To each his Own What this says to me is that it is a very idiosyncratic matter whether you like terse, succinct languages or not. I make not particular judgement that one is better than the other. I happen to share, I rather suspect, with Graham the notion that I like succinct languages, and that they work well for me and help me think about the broader aspects of my problems. But, contrary to Graham's view, I hold no opinion that this is a superios way of thinking about the problems.
Confessional Testimony So Graham's paper reduces to testimony of a kind not unlike that we might hear in a revival tent. There's nothing wrong with testimony, of course, and some may even be swayed by it. But even though I am quite willing to acknowledge that Graham's testimony is without doubt forthright, I nevertheless has no impact on me, any more than does that of Rev. Falwell, Rev. Sharpton, Rev. Robertson or Rev. Farrakhan, about whom I have equally little doubt are forthright in their testimony.
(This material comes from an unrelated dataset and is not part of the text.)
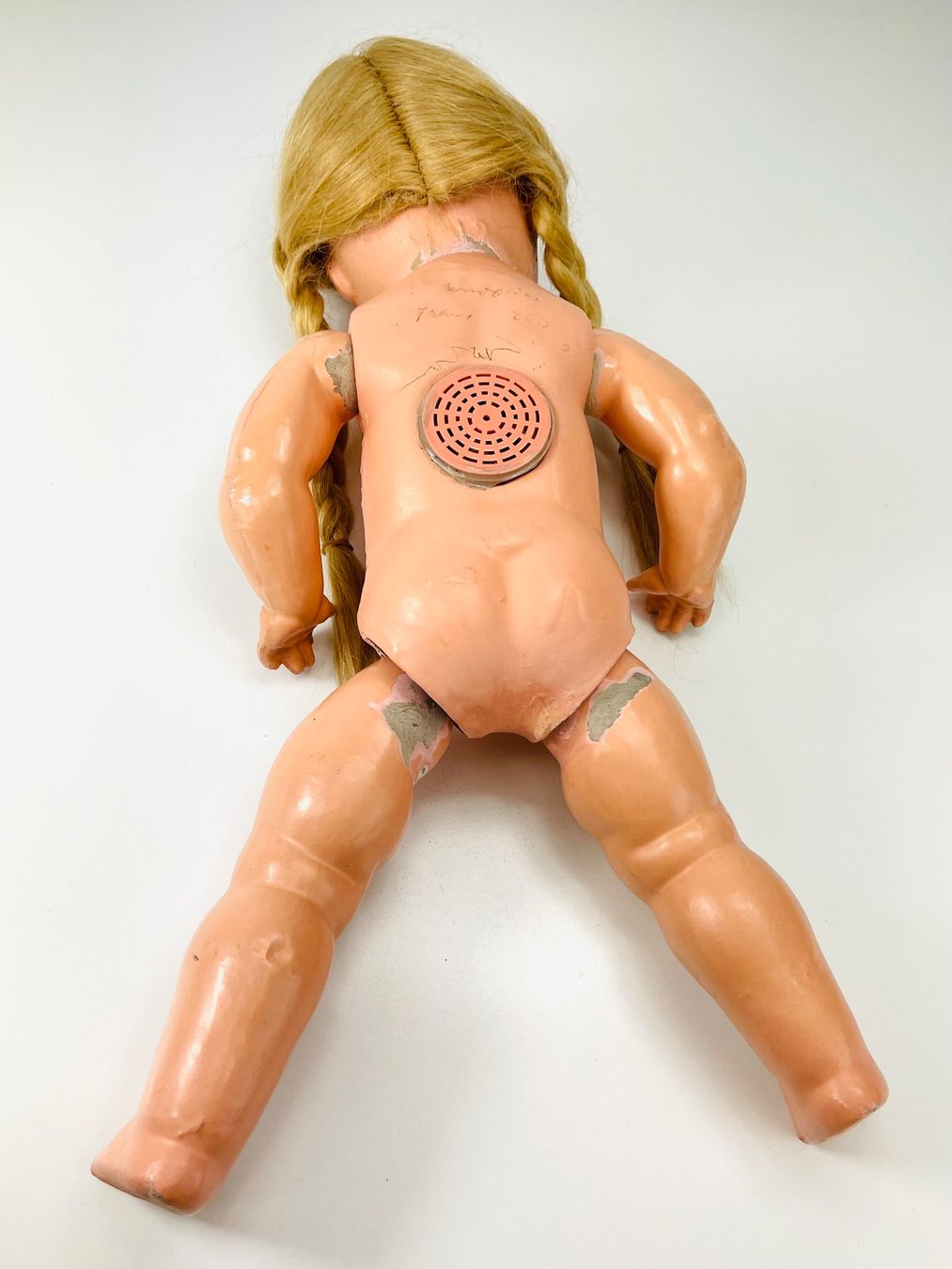 Puppen: Antike Puppe mit blonden Zöpfen – Gebraucht aus Zürich von Arche_Brockenhaus 6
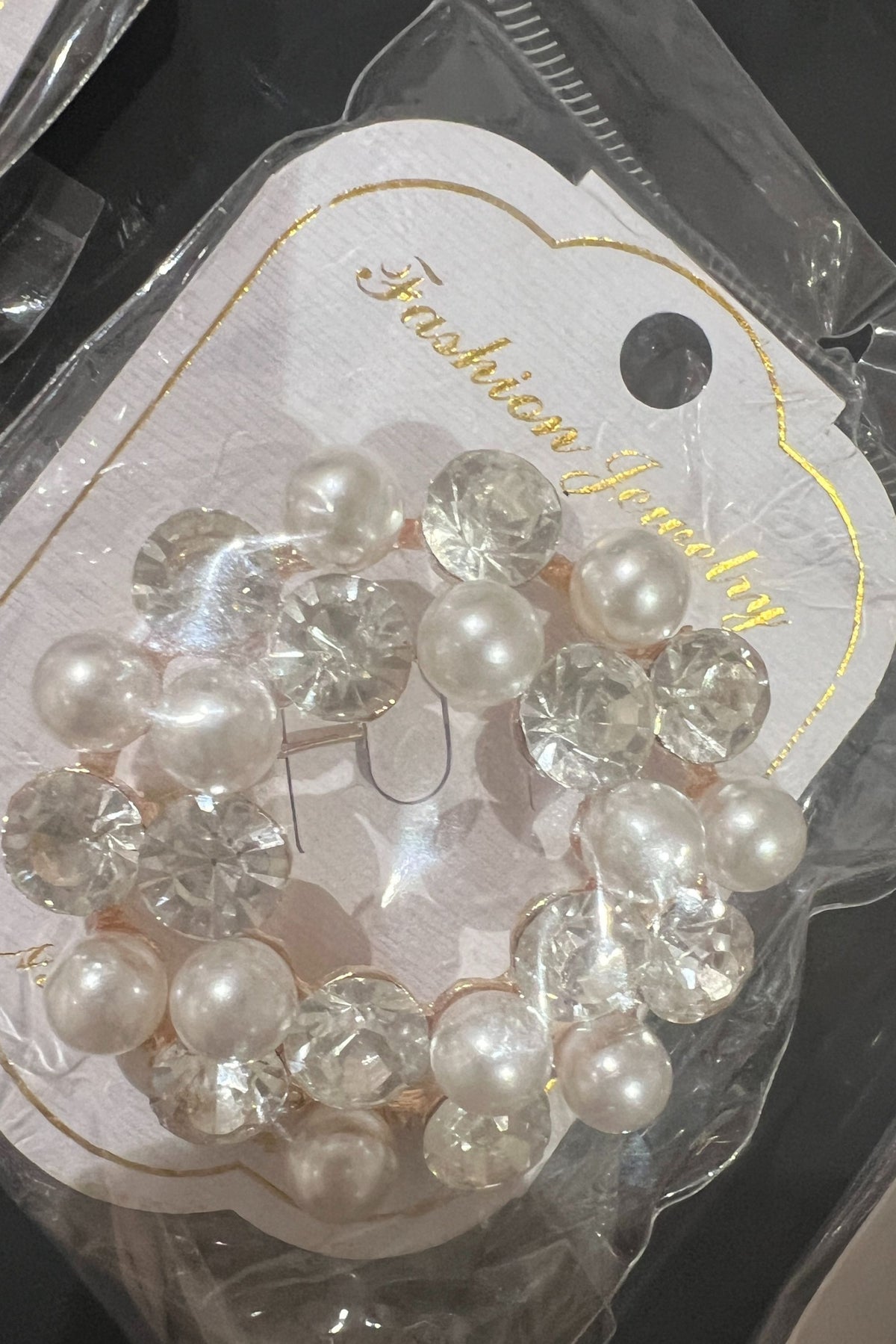 Silver Pearl Style Round Hijab Brooch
Testimony is no substitute for facts, and shouldn't be mistaken for them.

Cult Programming There also seems to me to be a considerable danger of languages which have very succinct representations becoming something of a cult. Over the years I have had to listen to a lot of `my boss doesn't understand' whining about choice of language. A rather remarkable proportion of it comes people who use succinct languages. This emphasises the `cult-like' aspect of these languages.
Succinctness Technology Although this is probably not the place for it, it might be interesting to compile a list of `succinctness technology'. This is particular elements of a programming language which might help with the task of generating succinct programs. Supporting macros is one example of such a piece of technology.
Summary Perhaps unfortunately, succinctness isn't power. I suppose it would be nice if the world was that simple. Succinctness can either add to or subtract from power in a particular situation, depending on how it is applied.